3. Pie Chart: Sum of EPI Variance, Sum of Minimum Premium in System 1, and Sum of
Minimum Premium in System 2
●
Description: This pie chart compares the sum of EPI variance, the sum of Minimum
Premium in System 1, and the sum of Minimum Premium in System 2.: It provides a clear
visual representation of the relative sizes of these sums, showing how the EPI variance
compares to the Minimum Premiums recorded in each system.
●
Perceived Discrepancies: This chart identified how closely the sums of Minimum Premium
in both systems align with the EPI variance. If the sums of Minimum Premiums are
significantly different from the EPI variance, it suggests there may be underlying issues with
how premiums are recorded or transferred between the systems, or if one segment is
significantly larger, it indicates that most discrepancies are associated with that particular
system.
Conclusion:
Throughout this data assessment and visualization process, I delved into the intricacies of
reconciling EPI variance and Minimum Premiums between two financial systems—SICS and
SunSystems. The journey began with understanding the fundamental issue of manual quarterly data
transfers, which led to the initiation of an automation process to save time and enhance efficiency.
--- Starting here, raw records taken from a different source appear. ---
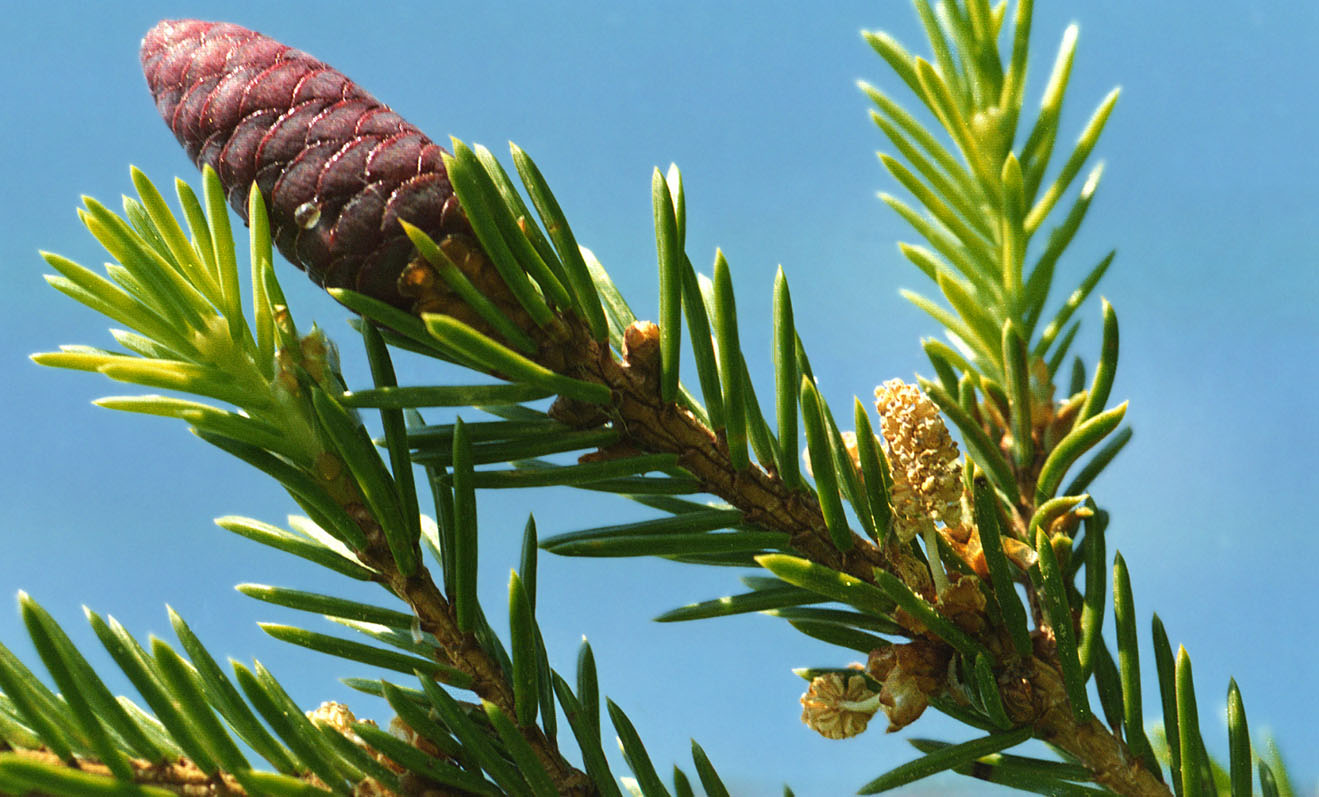 Ель это голосеменное растение. Ель Сибирская Picea obovata. Ель обыкновенная микростробилы. Ель финская Picea Fennica. Ель Сибирская микростробилы.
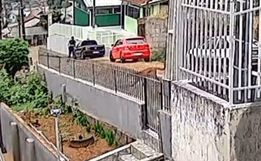 Morador fica frente a frente com onça-parda no meio da rua SC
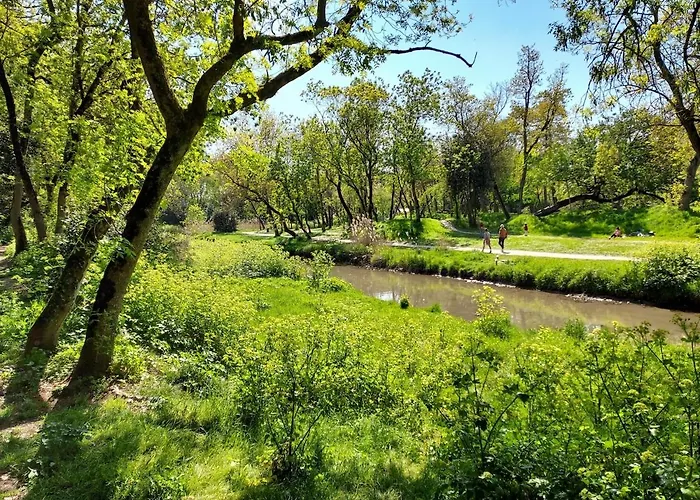 La Terrasse Du Marche Apartamento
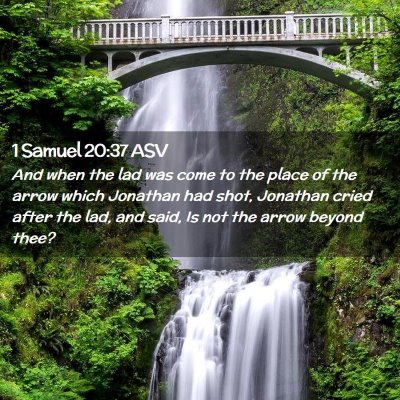 Picture 02 - 1 Samuel 20:37 ASV - And when the lad was come to the place of the - Bible Verse Picture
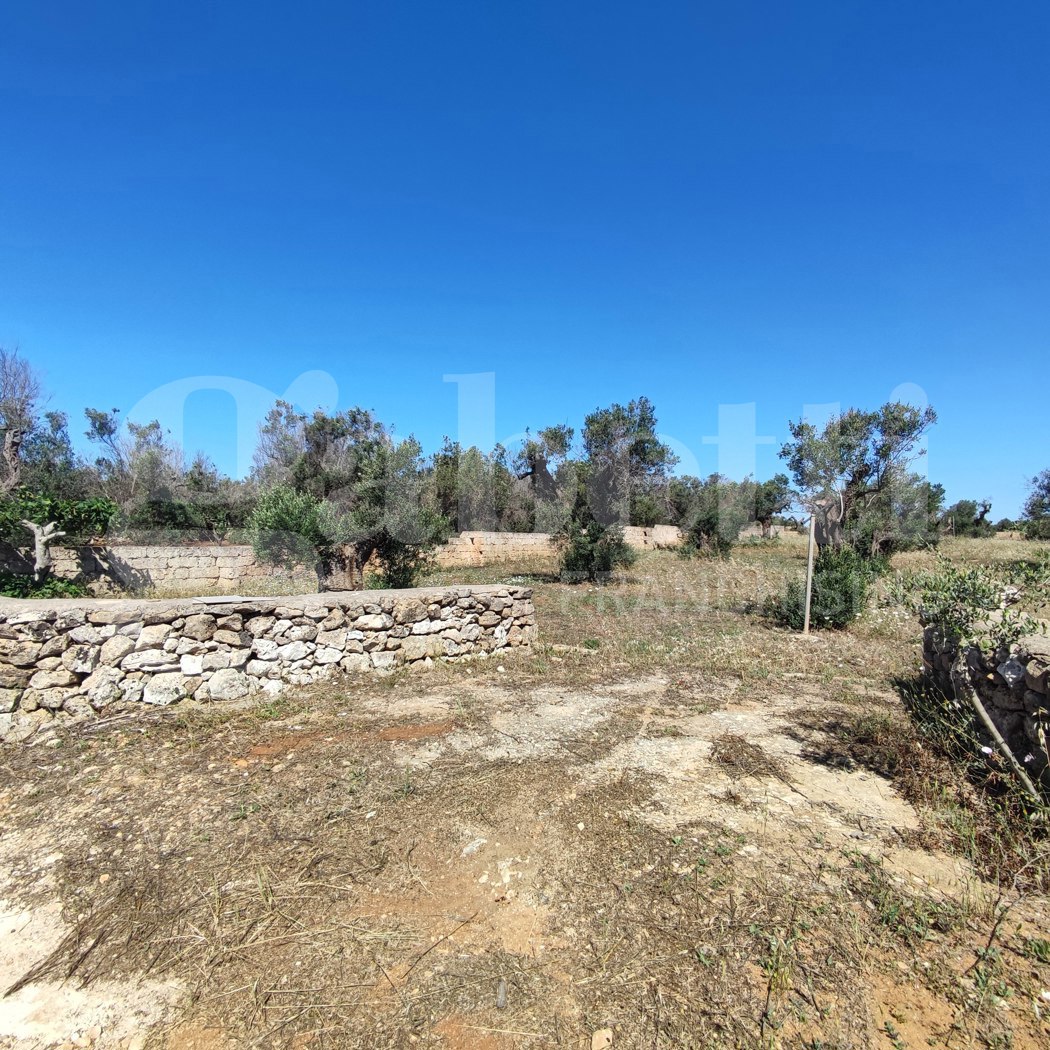 Terreno Agricolo in vendita a Ugento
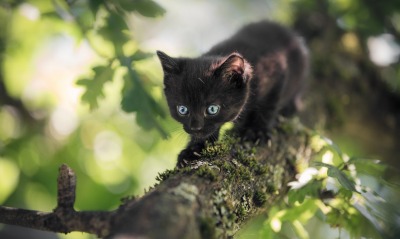 черный кот, на дереве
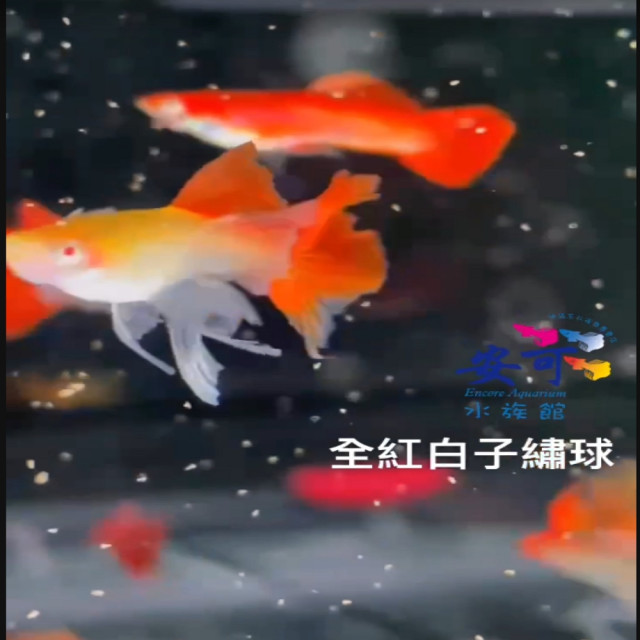 全紅白子繡球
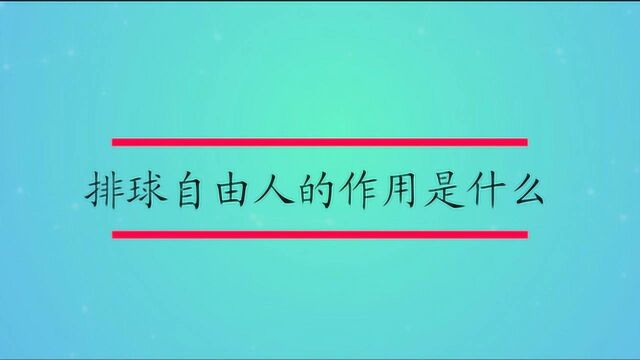 排球自由人的作用是什么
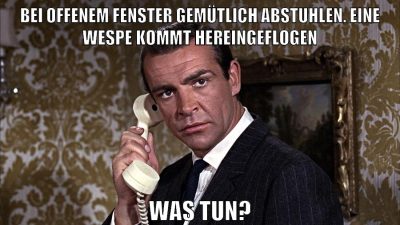 bei offenem fenster gemütlich abstuhlen. eine wespe kommt hereingeflogen was tun?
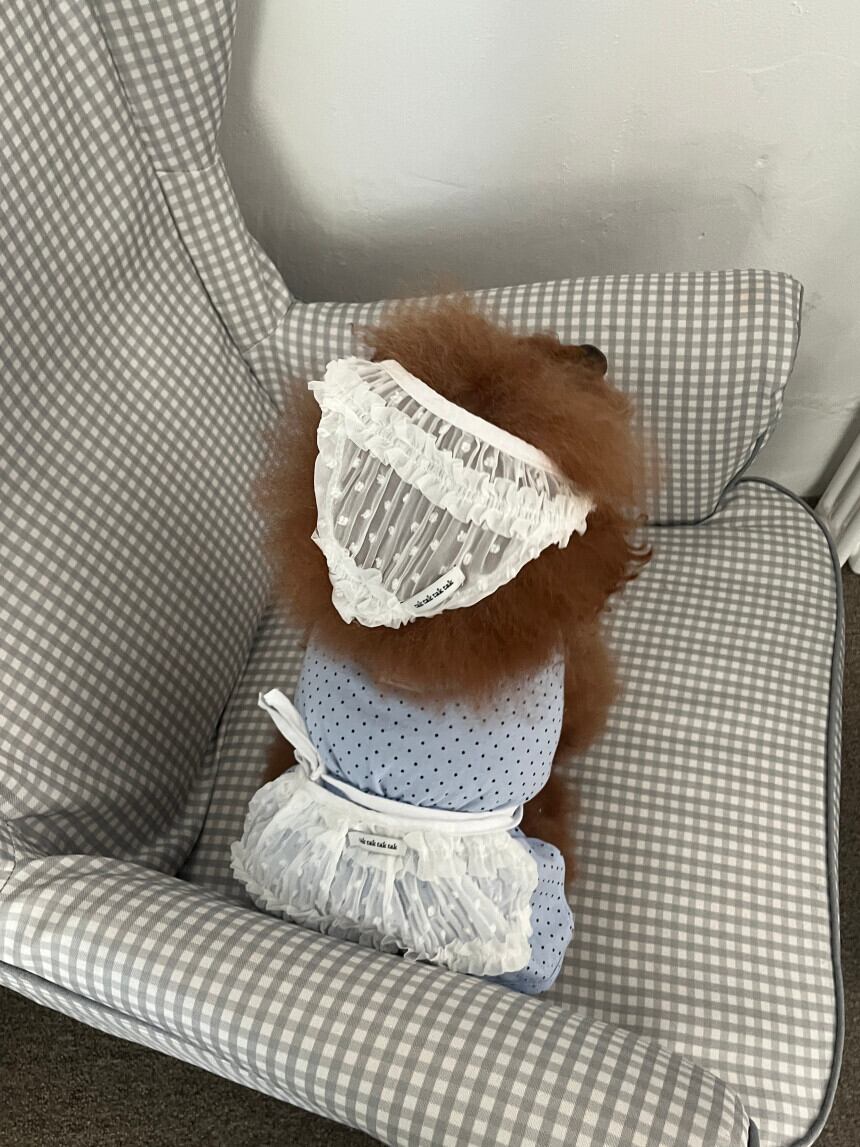 わんこ用［tak!tak!tak!tak!］Pure Lace  Headscarf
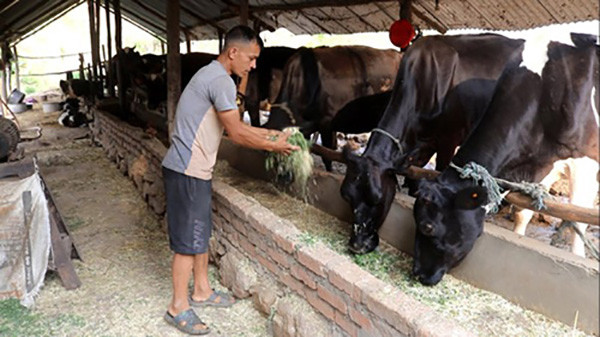 गाईपालन व्यवसायबाट मासिक रु एक लाख आम्दानी
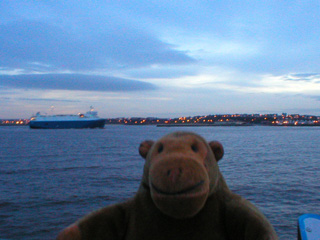 Mr Monkey watching a ferry sail into Newcastle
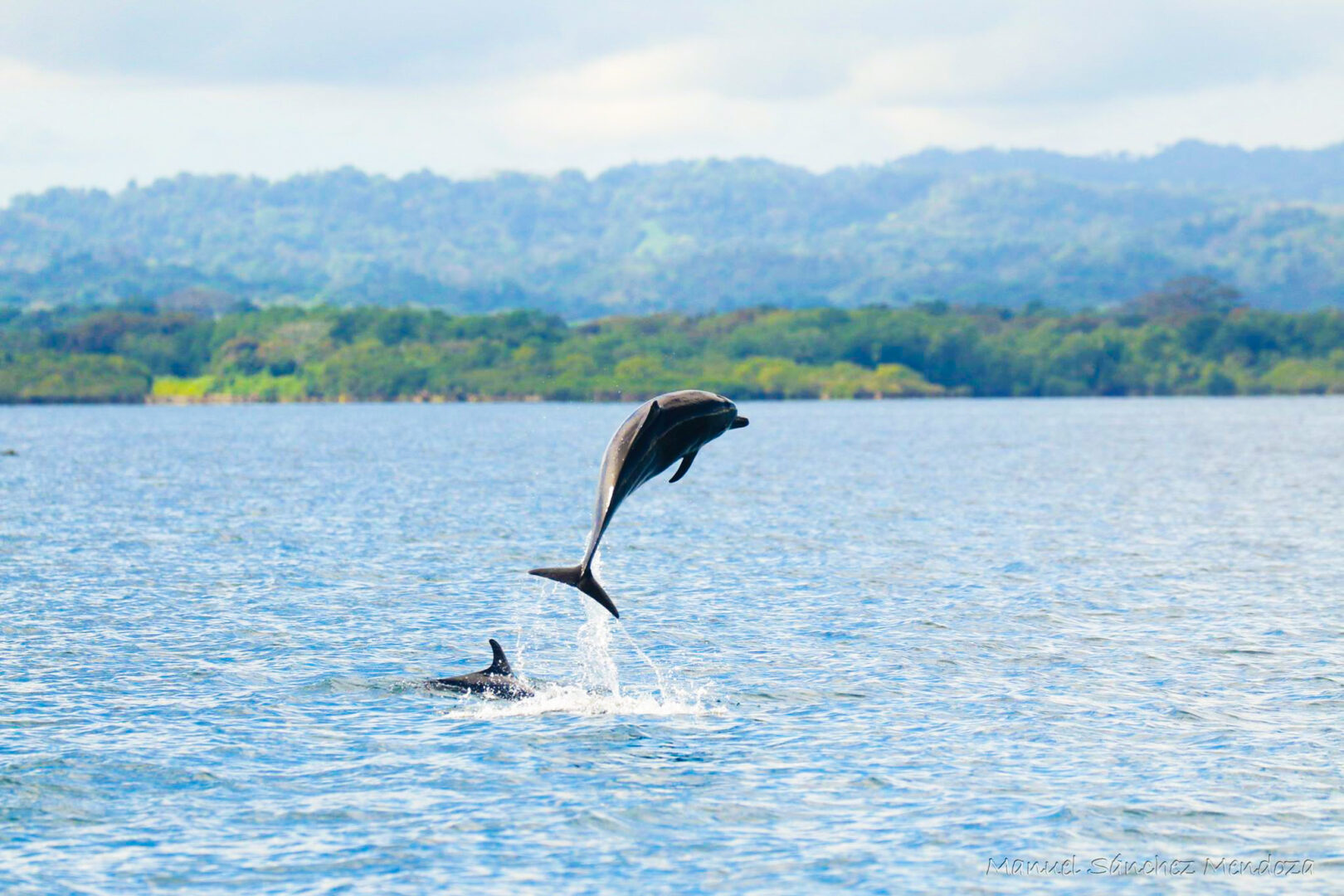 small boat cruises: Costa Rica Spinner Dolphin jumping out of the sea.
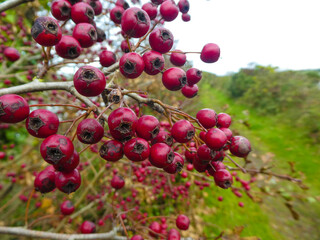 Rose Hip on a branch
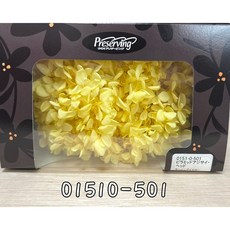 花藝夢*日本大地農園-不凋繡球花-01510金字塔繡球 不凋花 永生花 乾燥花 (以克計價), 501, 黃色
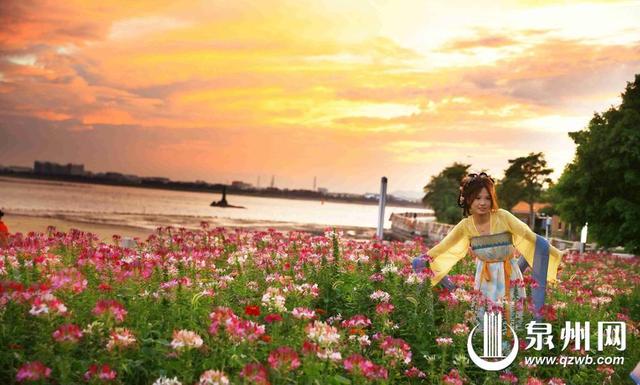 醉蝶盛放待君来 泉州市区滨海公园醉蝶花如期盛放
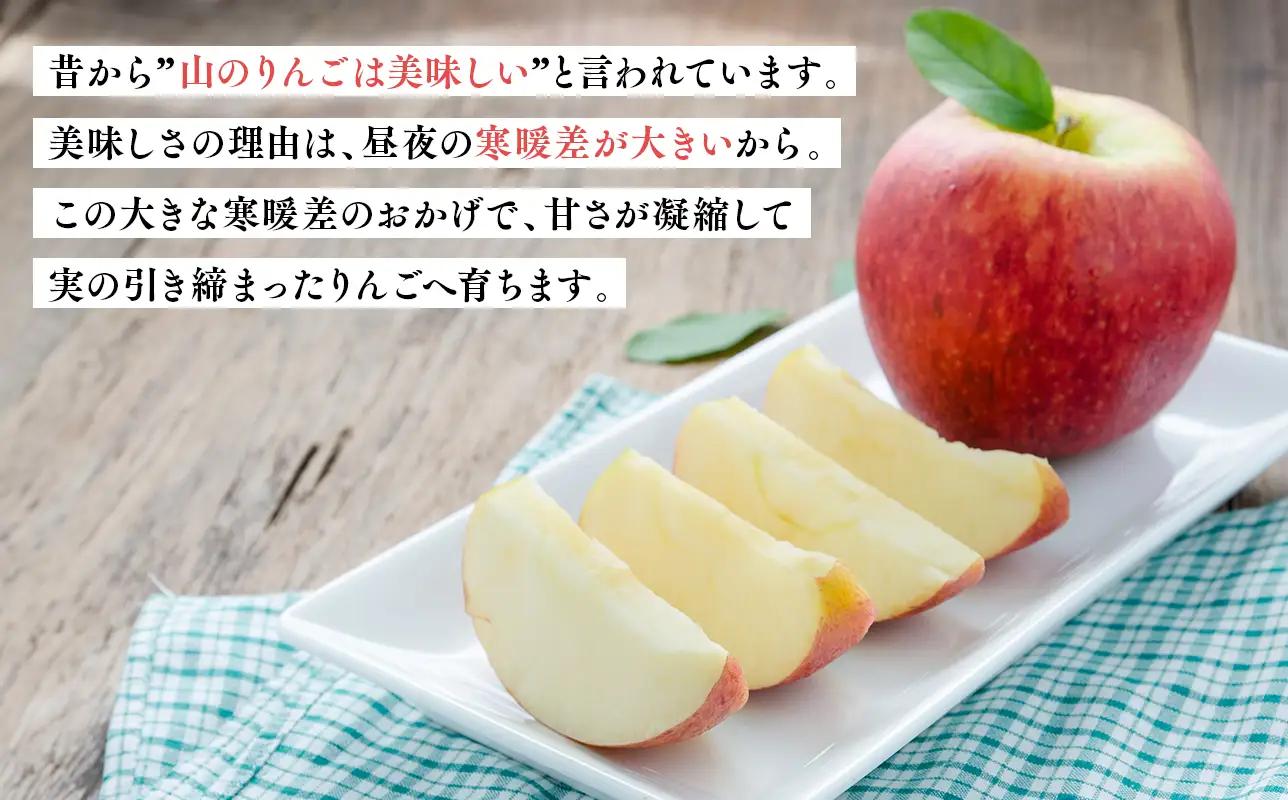 【12月中旬～発送】 蜜星りんごチップス 5袋セット 25g×5 りんご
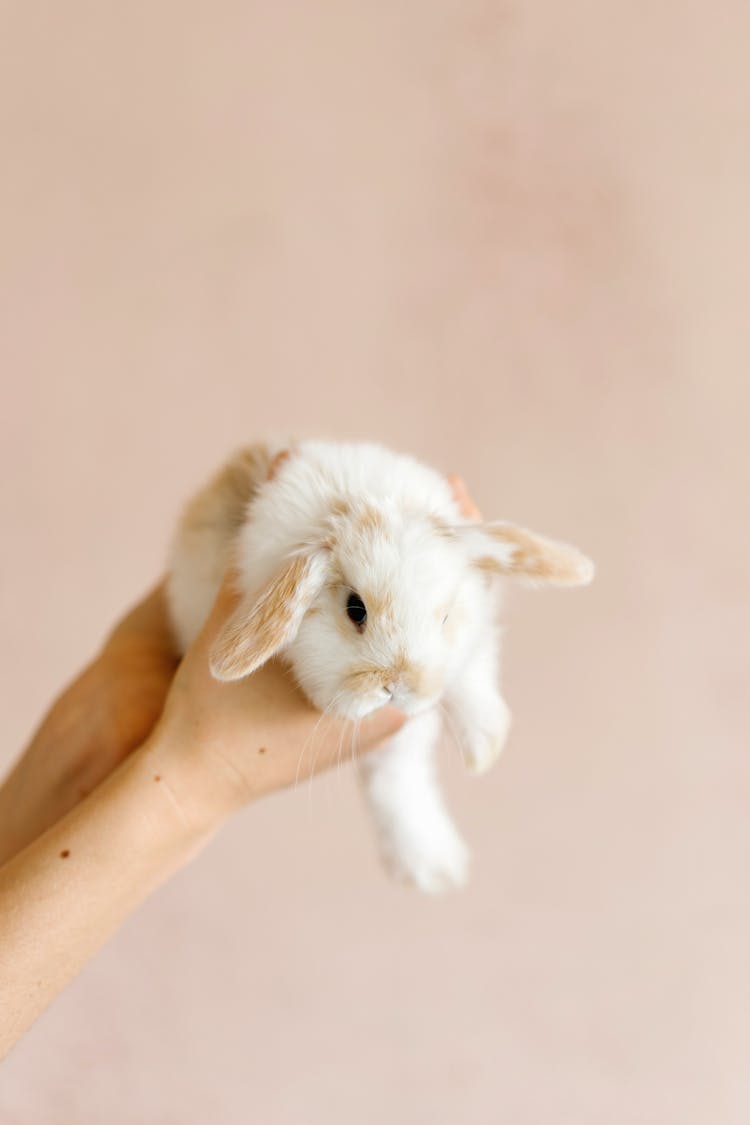 Person Holding Small Rabbit In Hands Against Light Background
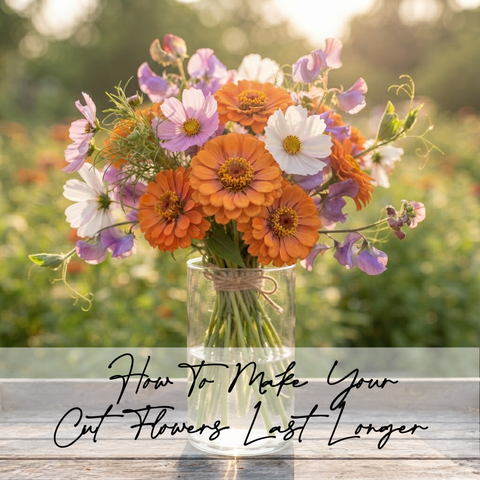 How to Make Your Cut Flowers Last Longer | Simple Tips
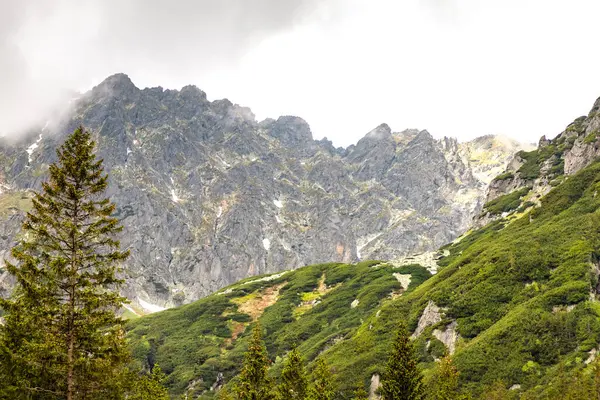 Yaz günü Polonya 'da doğa ve Tatra dağları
I then explored and analyzed the data provided, identifying discrepancies and matching figures
between the two systems. Utilizing Power BI, I created several visualizations above to visualize the
data as I understood.
Through these visualizations, I was able to gain a comprehensive understanding of the data
discrepancies and their underlying causes. This assessment underscored the importance of
automated data integrity checks and real-time reconciliation dashboards to improve data alignment
and overall efficiency in financial reporting.